[Records for the task Boundary: Start]

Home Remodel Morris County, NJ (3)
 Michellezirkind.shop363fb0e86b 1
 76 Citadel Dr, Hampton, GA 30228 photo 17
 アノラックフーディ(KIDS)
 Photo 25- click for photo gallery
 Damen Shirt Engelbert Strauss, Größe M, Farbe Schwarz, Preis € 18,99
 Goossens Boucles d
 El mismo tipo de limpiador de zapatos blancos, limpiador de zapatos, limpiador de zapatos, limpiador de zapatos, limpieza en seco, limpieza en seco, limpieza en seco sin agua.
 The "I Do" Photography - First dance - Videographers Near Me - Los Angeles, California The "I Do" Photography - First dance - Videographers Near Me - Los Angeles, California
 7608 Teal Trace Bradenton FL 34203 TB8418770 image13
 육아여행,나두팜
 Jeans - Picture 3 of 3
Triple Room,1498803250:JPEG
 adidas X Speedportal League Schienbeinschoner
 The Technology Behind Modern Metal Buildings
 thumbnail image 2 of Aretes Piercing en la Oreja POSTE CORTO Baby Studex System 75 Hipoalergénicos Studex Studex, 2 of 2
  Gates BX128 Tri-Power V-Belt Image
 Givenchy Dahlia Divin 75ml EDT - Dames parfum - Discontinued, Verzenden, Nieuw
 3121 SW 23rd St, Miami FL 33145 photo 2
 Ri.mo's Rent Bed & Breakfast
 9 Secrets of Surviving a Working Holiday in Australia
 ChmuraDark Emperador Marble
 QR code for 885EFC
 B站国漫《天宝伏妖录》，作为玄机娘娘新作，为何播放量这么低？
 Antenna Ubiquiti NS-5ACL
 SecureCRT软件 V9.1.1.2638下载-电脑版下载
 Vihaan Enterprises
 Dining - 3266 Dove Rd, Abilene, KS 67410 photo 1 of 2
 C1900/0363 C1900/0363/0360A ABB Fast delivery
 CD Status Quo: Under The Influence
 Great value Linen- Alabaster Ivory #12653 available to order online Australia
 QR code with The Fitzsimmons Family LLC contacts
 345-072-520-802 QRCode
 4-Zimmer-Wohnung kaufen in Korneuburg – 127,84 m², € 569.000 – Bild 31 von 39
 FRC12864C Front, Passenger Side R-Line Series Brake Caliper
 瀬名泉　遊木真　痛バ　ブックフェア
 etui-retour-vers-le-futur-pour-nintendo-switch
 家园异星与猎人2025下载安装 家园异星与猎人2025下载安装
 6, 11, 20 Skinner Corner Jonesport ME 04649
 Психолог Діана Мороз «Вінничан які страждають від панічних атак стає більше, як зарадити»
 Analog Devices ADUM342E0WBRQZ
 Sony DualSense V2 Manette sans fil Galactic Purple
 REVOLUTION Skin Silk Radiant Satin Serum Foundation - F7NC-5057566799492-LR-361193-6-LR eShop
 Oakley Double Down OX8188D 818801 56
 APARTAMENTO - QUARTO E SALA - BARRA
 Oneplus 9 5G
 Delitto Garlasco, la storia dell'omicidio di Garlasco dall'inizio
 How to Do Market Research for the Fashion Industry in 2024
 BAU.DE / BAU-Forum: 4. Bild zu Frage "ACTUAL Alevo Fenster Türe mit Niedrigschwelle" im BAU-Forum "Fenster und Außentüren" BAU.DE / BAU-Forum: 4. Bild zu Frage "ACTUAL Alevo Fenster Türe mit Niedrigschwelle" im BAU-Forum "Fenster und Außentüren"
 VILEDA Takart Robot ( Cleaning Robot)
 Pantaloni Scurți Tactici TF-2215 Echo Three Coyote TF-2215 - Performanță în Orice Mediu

[Records for the task Boundary: End]

From the entries above, show each line that includes the string "Bild".

# Exercise response
 4-Zimmer-Wohnung kaufen in Korneuburg – 127,84 m², € 569.000 – Bild 31 von 39
 BAU.DE / BAU-Forum: 4. Bild zu Frage "ACTUAL Alevo Fenster Türe mit Niedrigschwelle" im BAU-Forum "Fenster und Außentüren" BAU.DE / BAU-Forum: 4. Bild zu Frage "ACTUAL Alevo Fenster Türe mit Niedrigschwelle" im BAU-Forum "Fenster und Außentüren"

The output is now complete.